Amin Maalouf convie le lecteur dans l'intimité de son histoire familiale. Il remonte le fil du temps moins pour retracer la vie des siens que pour démêler cet écheveau d'artères dont il est issu, qui le constitue et qui, dans le secret de la création, l'irrigue quotidiennement. Car cette haute figure de la littérature appartient à une tribu dont le nid perche sur les hauteurs de La Montagne libanaise et ses appartenances, communautaires, confessionnelles, nationales, culturelles comme ses influences familiales (voir à ce sujet les premières lignes de son inestimable essai sur Les Identités meurtrières), sont passablement emberlificotées : "l'histoire des miens est d'abord celle de ces mélanges des eaux".

"Origines", et non pas "racines", tient de l'enquête généalogique, du journal, de la recherche historique et du roman. A.Maalouf y raconte pour l'essentiel la vie de son grand père Botros et celle de Gebrayel, le grand oncle parti tenter sa chance à Cuba.

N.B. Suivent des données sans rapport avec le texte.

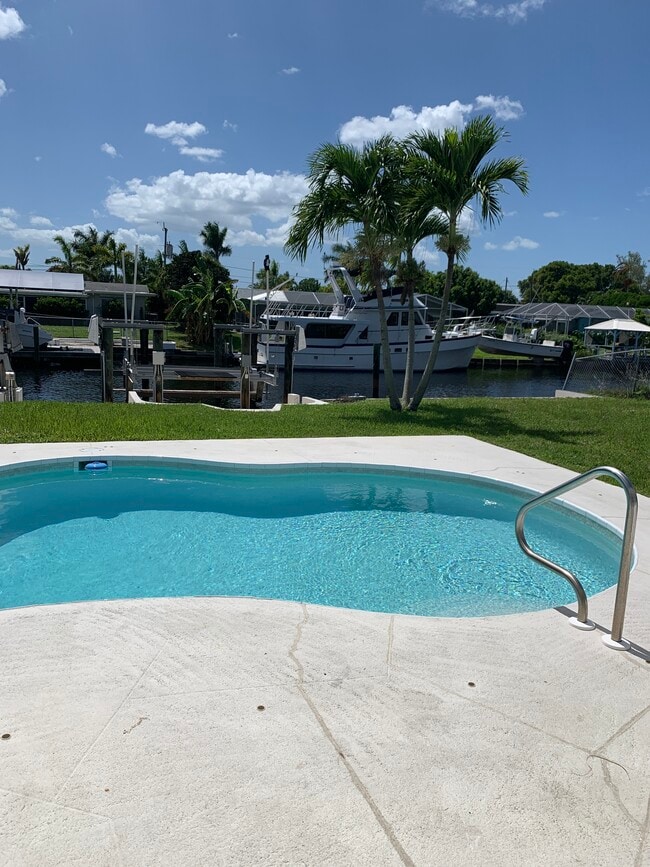 Photo - 5330 Bayshore Ave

A.Maalouf déploie une écriture précise, posée et limpide. La pensée est nette, toujours argumentée. En conteur, il sait rendre sa phrase ronde et suave, souvent imagée, excitant la gourmandise, la curiosité et l’intérêt. Comme dans un bon polar, le lecteur participe à l’enquête, retrouve le passé, dénoue les intrigues, lève les mystères de ces existences qui appartiennent à un autre siècle. Nuls secrets de famille inavouables ici, sorte de pêché originel qui vous plombent des générations entières. Non, seulement des vies, avec leurs réussites et leurs échecs, leurs drames et leurs joies, leurs unions et leurs séparations. Leurs silences aussi. Et c'est là que, sous la plume d’A.Maalouf, l'histoire de famille devient roman. Il donne à "ses personnages " - en fait ses parents - une stature de héros, une profondeur et une complexité psychologique. Il montre leurs grandeurs mais, comme "on ne tient pas la vérité au bout d'une laisse", il ne cache rien de leurs faiblesses.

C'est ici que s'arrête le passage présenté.